Records for the exercise
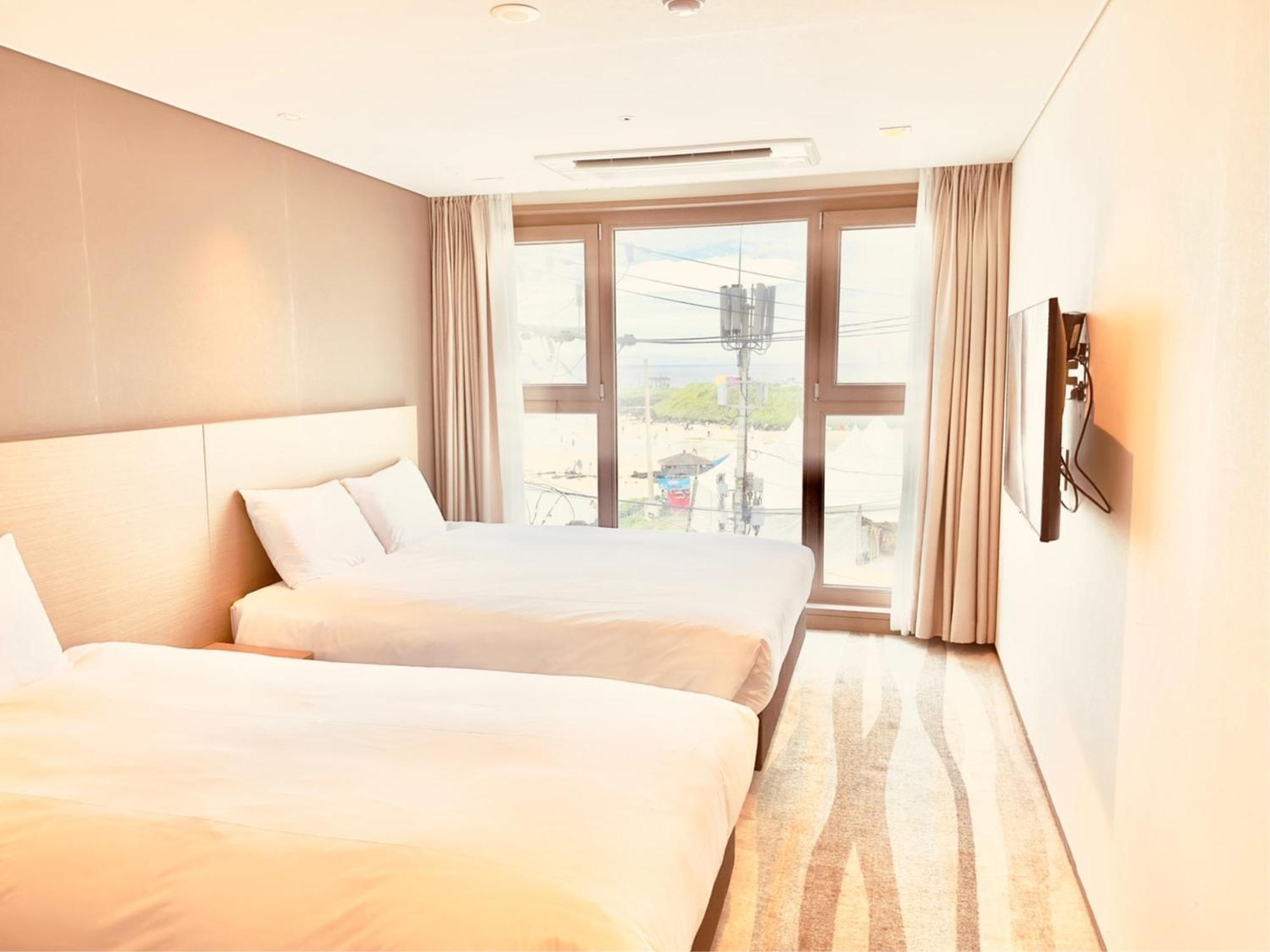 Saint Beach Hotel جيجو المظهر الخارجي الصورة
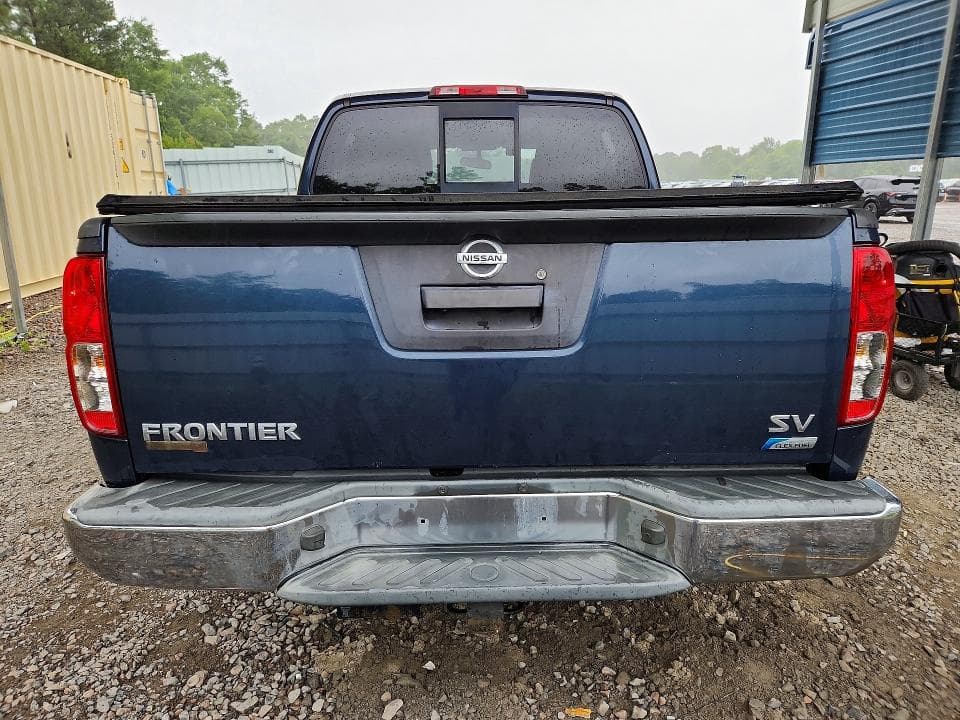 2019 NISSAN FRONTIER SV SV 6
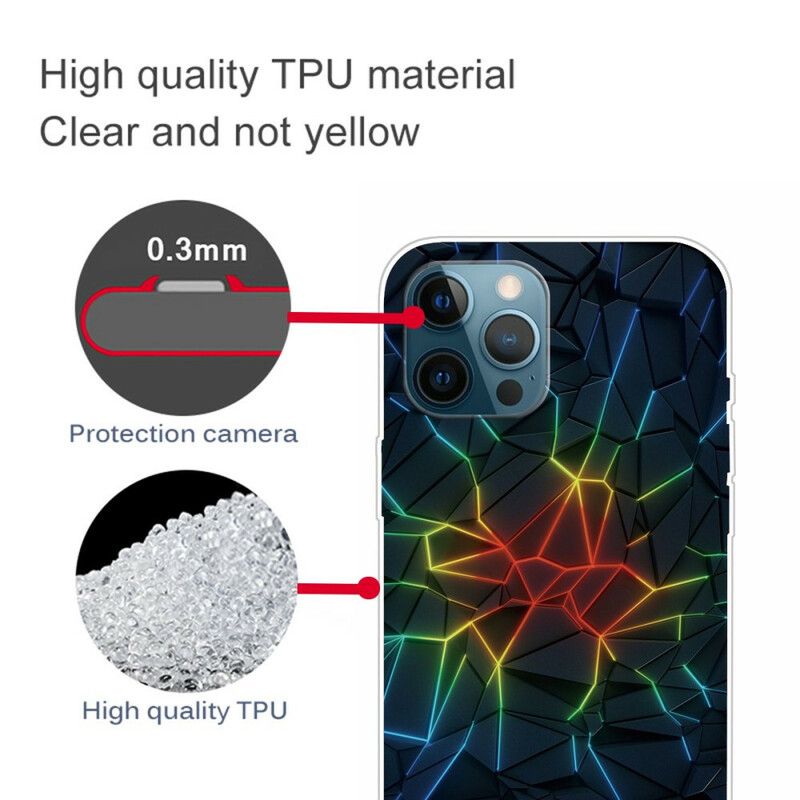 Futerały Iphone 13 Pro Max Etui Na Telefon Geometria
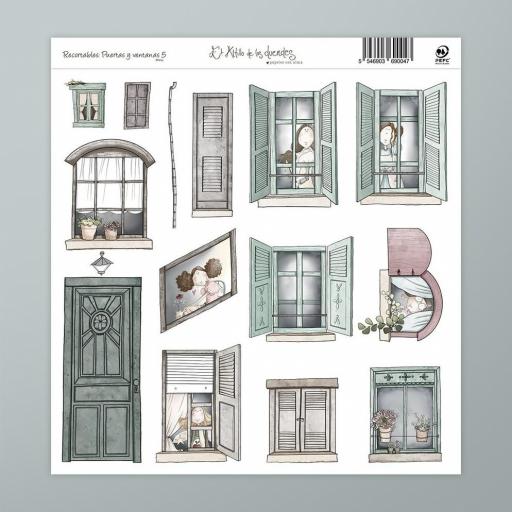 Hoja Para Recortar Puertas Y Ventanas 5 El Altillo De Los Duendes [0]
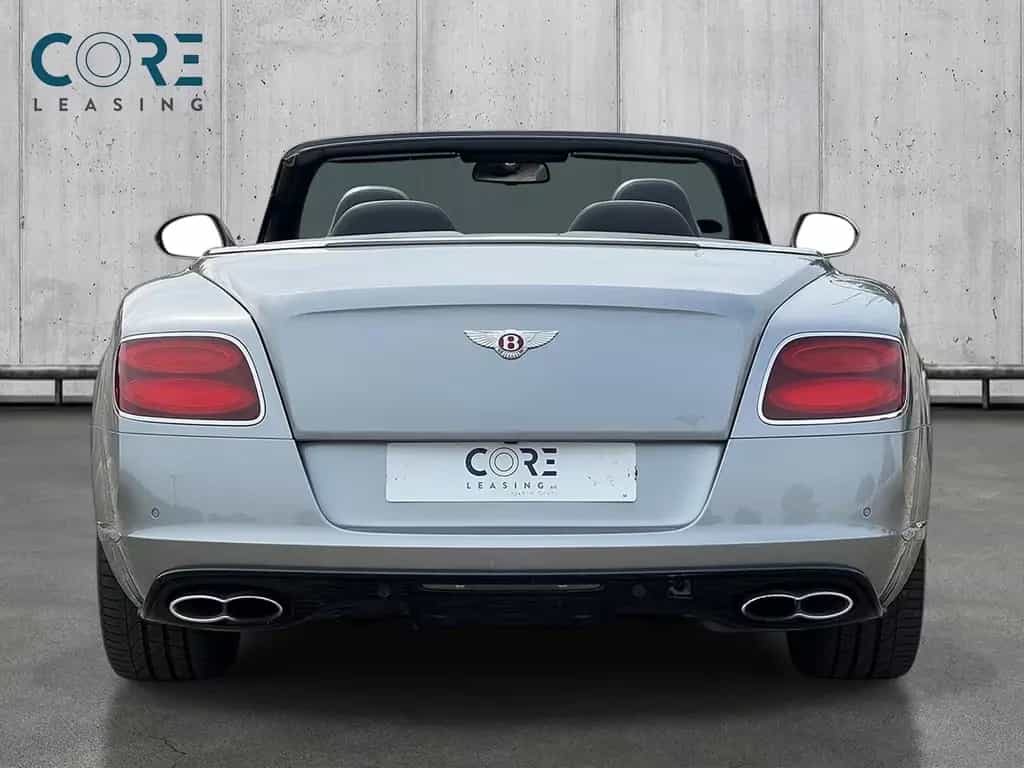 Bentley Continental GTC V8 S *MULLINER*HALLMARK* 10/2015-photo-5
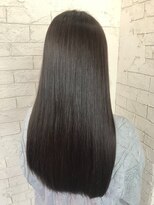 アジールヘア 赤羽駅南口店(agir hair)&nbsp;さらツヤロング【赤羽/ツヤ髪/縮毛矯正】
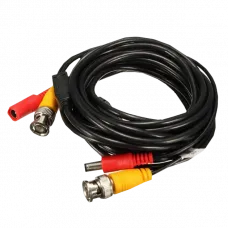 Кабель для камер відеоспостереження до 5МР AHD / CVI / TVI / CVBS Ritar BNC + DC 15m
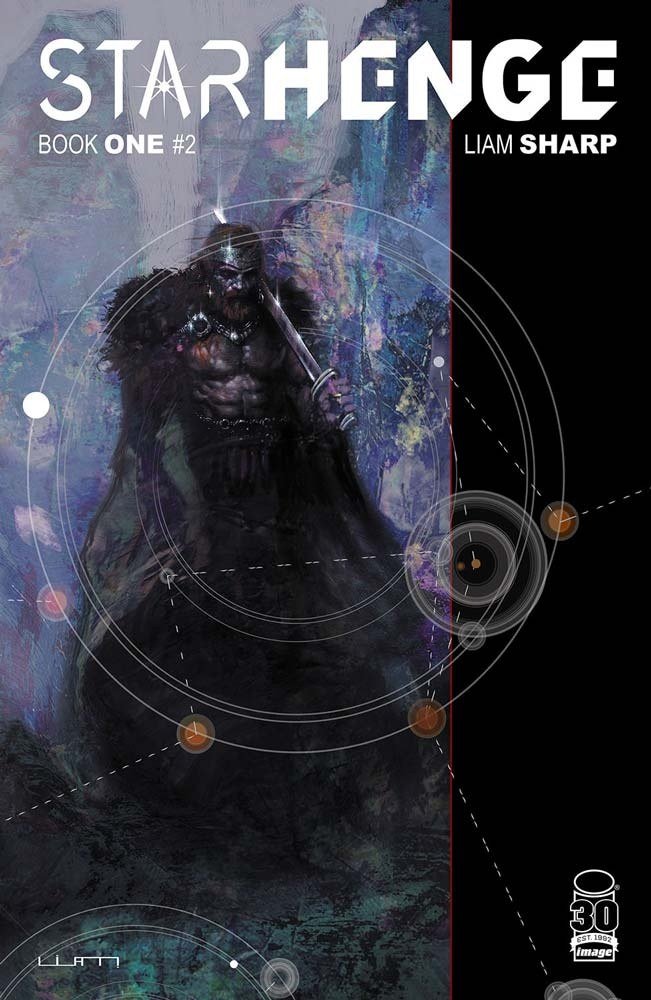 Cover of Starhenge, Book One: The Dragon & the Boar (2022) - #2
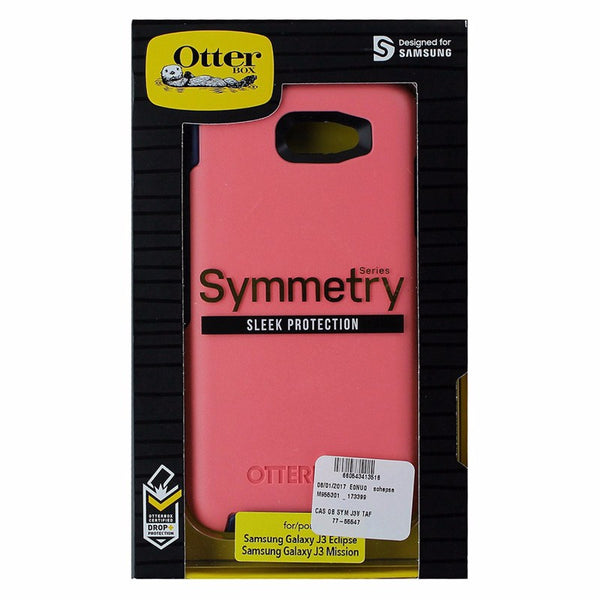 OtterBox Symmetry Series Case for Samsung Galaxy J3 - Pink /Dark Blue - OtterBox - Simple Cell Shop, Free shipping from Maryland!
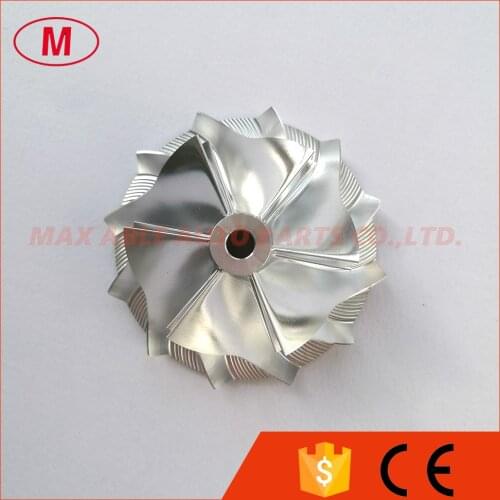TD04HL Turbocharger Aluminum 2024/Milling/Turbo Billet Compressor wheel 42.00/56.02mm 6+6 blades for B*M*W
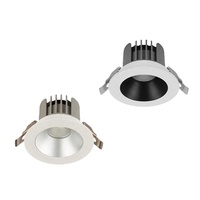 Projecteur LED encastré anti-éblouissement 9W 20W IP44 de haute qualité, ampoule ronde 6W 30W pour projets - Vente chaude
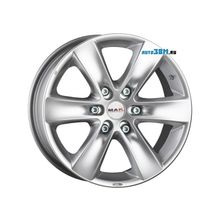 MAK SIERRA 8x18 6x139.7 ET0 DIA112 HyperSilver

Task statement
Look above and copy only the lines from the one holding "Bentley Continental GTC" to the one holding "TD04HL Turbocharger Aluminum", both included, exactly, minus the pictures.

Task response
 Bentley Continental GTC V8 S *MULLINER*HALLMARK* 10/2015-photo-5
 アジールヘア 赤羽駅南口店(agir hair)&nbsp;さらツヤロング【赤羽/ツヤ髪/縮毛矯正】
 Кабель для камер відеоспостереження до 5МР AHD / CVI / TVI / CVBS Ritar BNC + DC 15m
 Cover of Starhenge, Book One: The Dragon & the Boar (2022) - #2
 OtterBox Symmetry Series Case for Samsung Galaxy J3 - Pink /Dark Blue - OtterBox - Simple Cell Shop, Free shipping from Maryland!
TD04HL Turbocharger Aluminum 2024/Milling/Turbo Billet Compressor wheel 42.00/56.02mm 6+6 blades for B*M*W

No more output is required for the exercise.